Ainda não tem data de inauguração, mas já tem nome definitivo: o antigo Museu Colecção Berardo passará a chamar-se Museu de Arte Contemporânea – Centro Cultural de Belém, anunciou esta manhã aos jornalistas o ministro da Cultura, Pedro Adão e Silva, depois de uma reunião com a administração do CCB.

Na versão abreviada do novo nome, o museu assumirá a identidade MAC/CCB, com o hífen mais clássico a ver-se preterido em favor da barra oblíqua, uma moda que a Internet generalizou.

O futuro museu irá nascendo, por fases, ao longo deste ano. “Estamos num novo capítulo do CCB. Vamos, durante o ano de 2023, inaugurar aqui um novo museu — MAC/CCB”, disse, à porta do CCB, Pedro Adão e Silva, já depois de os telões com o nome do antigo Museu Colecção Berardo (MCB) terem sido retirados da fachada principal do centro cultural, numa operação que teve início pouco depois das 8h da manhã.

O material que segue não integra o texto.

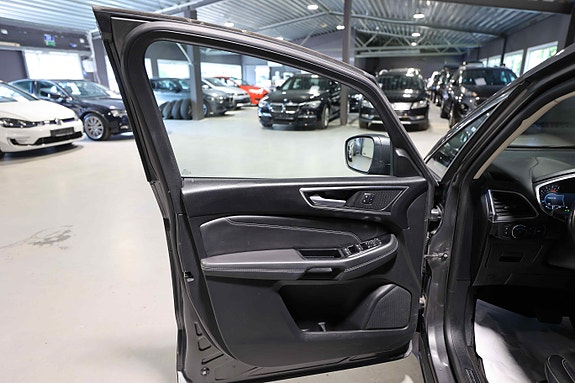 Ford S-MAX 6 of 30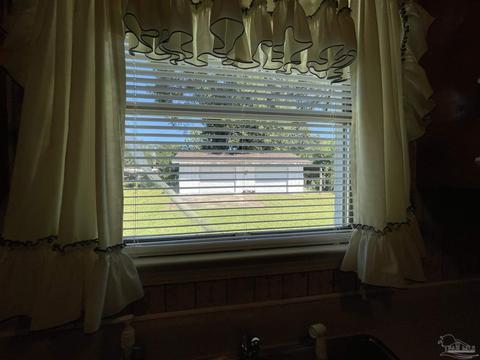 6438 Julia Dr, Milton, FL 32570 photo 6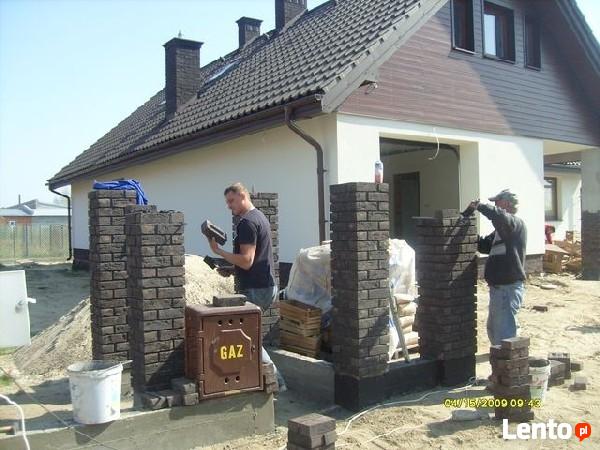 Wykonawca ogrodzenia z siatki klinkieru łupanego i układanie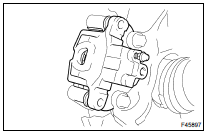 REMOVE DISC BRAKE CYLINDER ASSY REAR LH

Ao longo do dia, os “b” de Berardo, como o néon luminoso no pátio central que anunciava o agora ex-MCB, foram sendo substituídos pela nova sinalética a indicar MAC/CCB. O vermelho e branco do antigo museu foi trocado por um grafismo que usa preferencialmente o preto e o cinzento e onde se poder ler rasgado a branco: “Futuro Museu de Arte Contemporânea MAC/CCB, um chão comum”, numa referência ao lema com que o CCB se prepara para comemorar 30 anos, em 2023. Esta imagem gráfica deverá, porém, ser temporária.

“O CCB recupera também uma parte da sua vocação, que é ser um chão comum: tem um centro de exposições e um centro de artes performativas. É um momento de viragem em que um grande equipamento da cidade de Lisboa assume a sua vocação de cruzamento entre as várias artes”, oficializou o ministro.

Sete meses depois, Adão e Silva cumpria assim a promessa que fizera na conferência de imprensa em que deu a conhecer que o Estado se preparava para denunciar o acordo de comodato assinado em 2006 com Joe Berardo, depois de a acção judicial movida pelos três bancos credores do empresário ter conduzido, em 2019, ao arresto da sua colecção de arte moderna e contemporânea.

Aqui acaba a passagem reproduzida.